Deadly Israeli strikes on 'apocalyptic' Gaza
Israel on Saturday again carried out deadly air strikes on north Gaza, where the UN calls conditions "apocalyptic", as Lebanon's Hezbollah intensified rocket fire near Israel's commercial hub of Tel Aviv, on Israel's second front.
"The situation unfolding in north Gaza is apocalyptic," said a joint statement by UN agency heads.
"The area has been under siege for almost a month, denied basic aid and life-saving supplies while bombardment and other attacks continue," the heads of the humanitarian, health and other agencies said.
"The entire Palestinian population in North Gaza is at imminent risk of dying from disease, famine and violence." Witnesses said Israeli warplanes twice hit Beit Lahia, adjacent to Jabalia, overnight. Israel's military on Saturday claims killing dozens of fighters around Jabalia "in aerial and ground activity."

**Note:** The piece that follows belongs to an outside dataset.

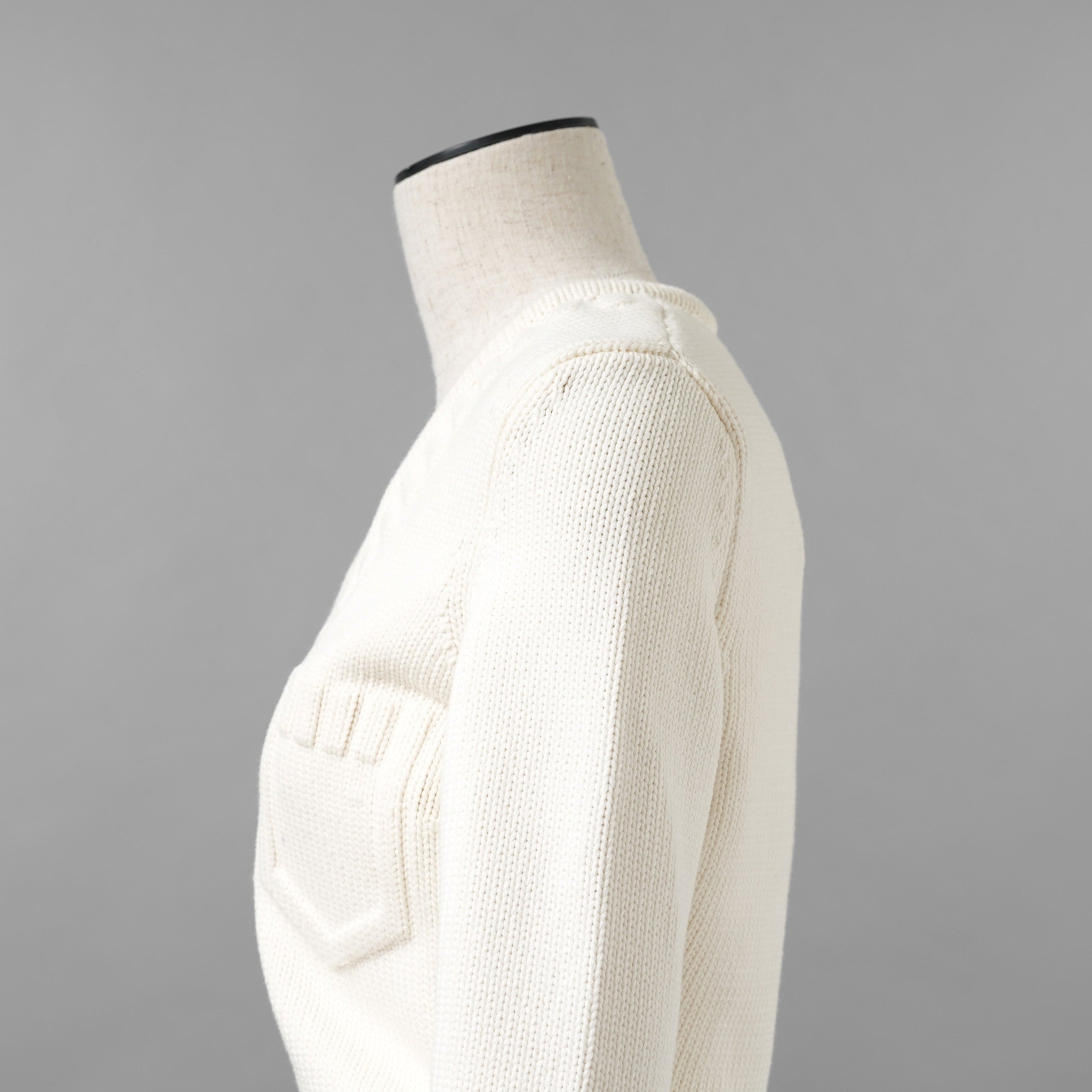 FENDI フェンディ / 21SS フェイクポケット コットン Vネック ニット / FZX625 AF4R / size 42 (WHITE) レディース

Troops were also operating in central Gaza and Rafah in the territory's far south, it added, while witnesses said Israeli drones and boats opened fire on Al-Mawasi in south Gaza.
Medics and Gaza's civil defence rescuers on Saturday reported three people killed in a strike on Nuseirat, in central Gaza, a day after AFP images showed the blood-stained shrouds of several people killed there in an Israeli strike. A strike in Israel's Sharon area north of Tel Aviv wounded 19 people, police said early Saturday, after the army reported three projectiles fired from Lebanon into central Israel.
Four of the wounded were "in moderate condition", the Israeli police said. Hezbollah said it had again launched rockets at Israel's Glilot intelligence base near Tel Aviv.
AFP images from Tira, a predominantly Arab town about 25 kilometres (15 miles) northeast of Tel Aviv, showed the upper wall blown out in what appeared to be a residential building.